_Exercise objective:_ No pictures, please. Copy exactly the lines from the one with "Kutest Baby Animals" through the final line below.

_Supplied information:_

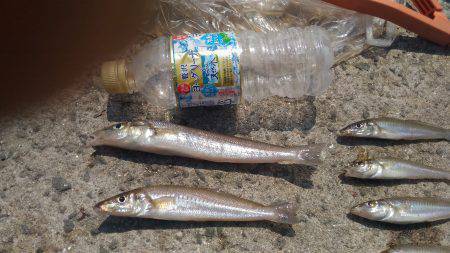 アオリイカ不発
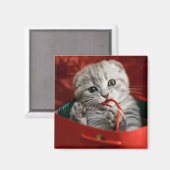 Kutest Baby Animals | Scottish Fold Kitten Magneet (Voorkant / Achterkant)
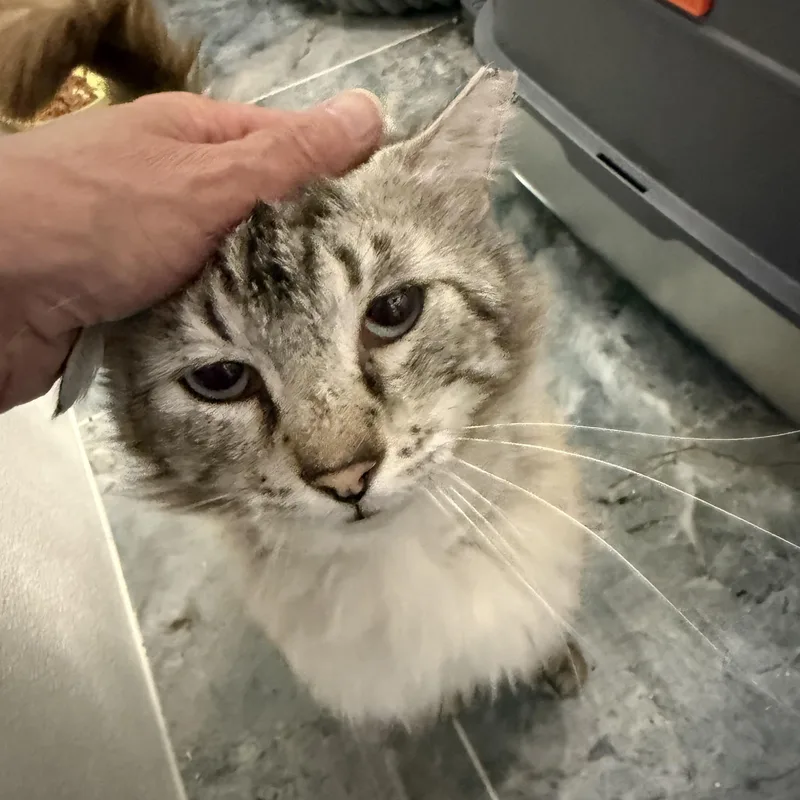 An adult medium-sized male Ragdoll cat named Toronto for adoption in Pomona, CA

_Written response:_
 Kutest Baby Animals | Scottish Fold Kitten Magneet (Voorkant / Achterkant)
 An adult medium-sized male Ragdoll cat named Toronto for adoption in Pomona, CA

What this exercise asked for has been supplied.